■ EXERCISE PROMPT
Would you write out the lines below exactly, from the one containing "Fenton Cranberry Art" to the very last, but without the pictures?

Segment Start: SOURCE DATA

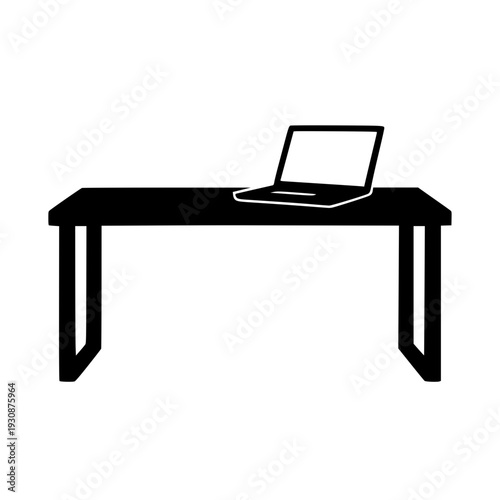 Laptop on table top black white icon 
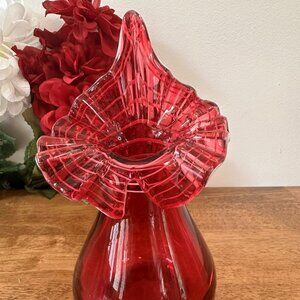 Fenton Cranberry Art Glass Vase Jack in the Pulpit Swirl White Ribbon Ruffle‎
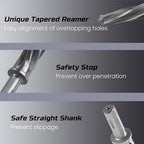 Lichamp 5-Piece M2 HSS Reamer Drill Bit Set, 3/8" 1/2" 9/16" 5/8" 3/4" High Speed Steel Chucking Reamer Set for Metal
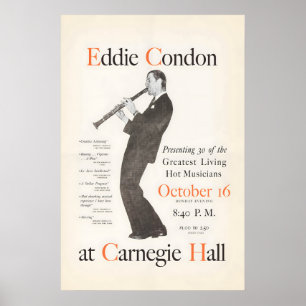 Affiche de jazz d'Eddie Condon - Au Carnegie Hall 
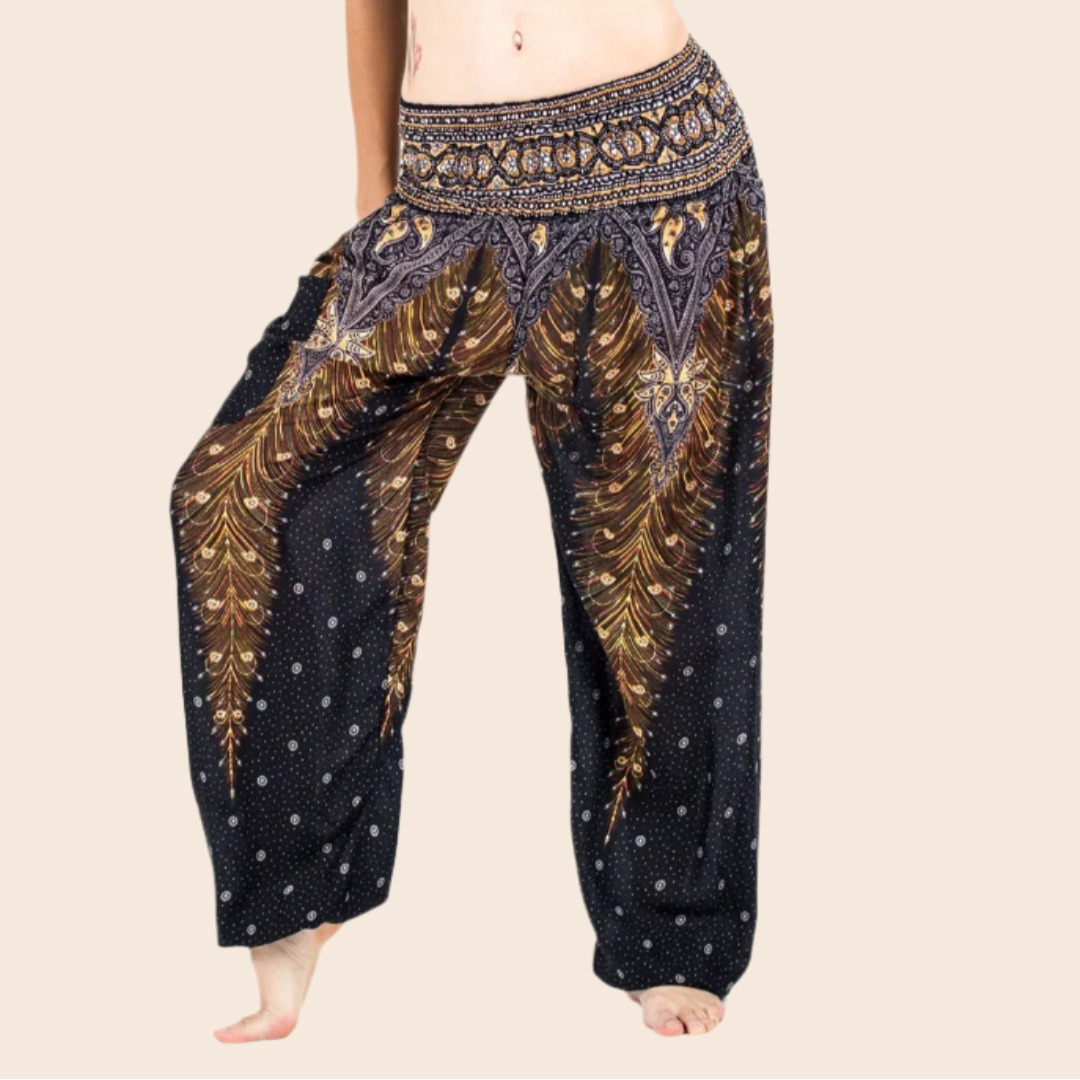 Black Peacock Feather Harem Pants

Segment End: SOURCE DATA

■ EXERCISE OUTPUT
 Fenton Cranberry Art Glass Vase Jack in the Pulpit Swirl White Ribbon Ruffle‎
 Lichamp 5-Piece M2 HSS Reamer Drill Bit Set, 3/8" 1/2" 9/16" 5/8" 3/4" High Speed Steel Chucking Reamer Set for Metal
 Affiche de jazz d'Eddie Condon - Au Carnegie Hall 
 Black Peacock Feather Harem Pants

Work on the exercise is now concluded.